Jarreau is the sixth studio album by Al Jarreau, released in 1983. It was his third consecutive #1 album on the Billboard Jazz charts, while also placing at #4 on the R&B album charts and #13 on the Billboard 200. In 1984 the album received four Grammy Award nominations, including for Jay Graydon as Producer of the Year (Non-Classical).

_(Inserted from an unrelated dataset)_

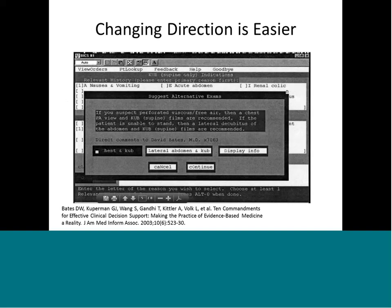An example alert provides options: if you suspect perforated viscous free air, then a chest PA, and KUB films are recommended. If the patient is unable to stand, then a lateral decubitus of the abdomen and KUB are recommended. So it gives the user different path options rather than just stopping the user and canceling the order.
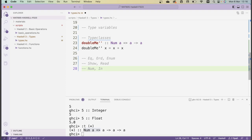Things of type class `Num` have multiplication, addition, and subtraction defined on them — for example, the `*` operator has type `Num a => a -> a -> a`. There are also two more specific type classes for numbers: `Integral`, which covers `Int` and `Integer`, and `Floating`, which covers `Float` and `Double`. Use these if you want to be more specific than the general `Num` type class.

The album contained three hit singles:  "Mornin'" (U.S. Pop #21, AC #2 for three weeks), "Boogie Down" (U.S. Pop #77) and "Trouble in Paradise" (U.S. Pop #63, AC #10). The first charted during the spring and summer, the second in the summer and the latter charted in the fall.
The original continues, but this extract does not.